WORK ORDER
Every line of the material below should be output exactly as written, with the images skipped.
THE DATA below:
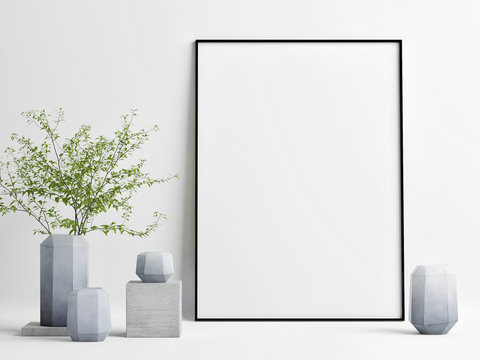 mock up empty frame with plant decoration, 3d render, 3d illustration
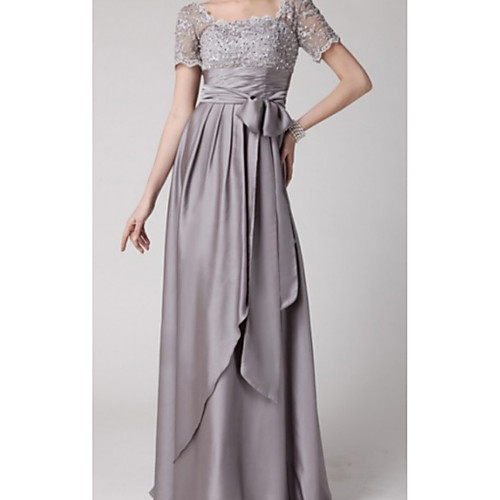 

A-Line Mother of the Bride Dress Elegant Square Neck Floor Length Lace Charmeuse Short Sleeve with Lace Sash / Ribbon Beading 2021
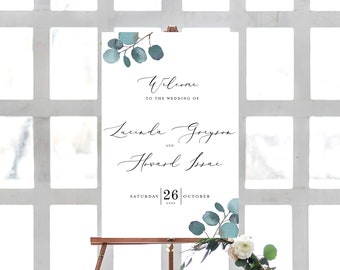 Eucalyptus Welcome Sign INSTANT DOWNLOAD Poster, Portrait, large, Templett, Printable, Welcome to our Wedding, Stationary Entry Sign INSW004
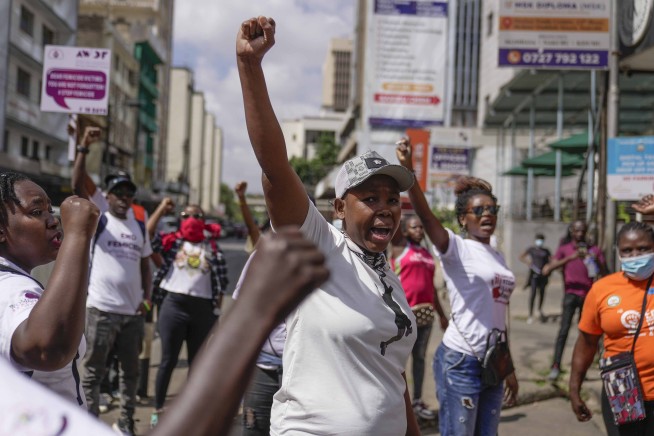 Police in Kenya hurl tear gas at protesters angry about gender-based violence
End of THE DATA.
ANSWER BELOW
 mock up empty frame with plant decoration, 3d render, 3d illustration

A-Line Mother of the Bride Dress Elegant Square Neck Floor Length Lace Charmeuse Short Sleeve with Lace Sash / Ribbon Beading 2021
 Eucalyptus Welcome Sign INSTANT DOWNLOAD Poster, Portrait, large, Templett, Printable, Welcome to our Wedding, Stationary Entry Sign INSW004
 Police in Kenya hurl tear gas at protesters angry about gender-based violence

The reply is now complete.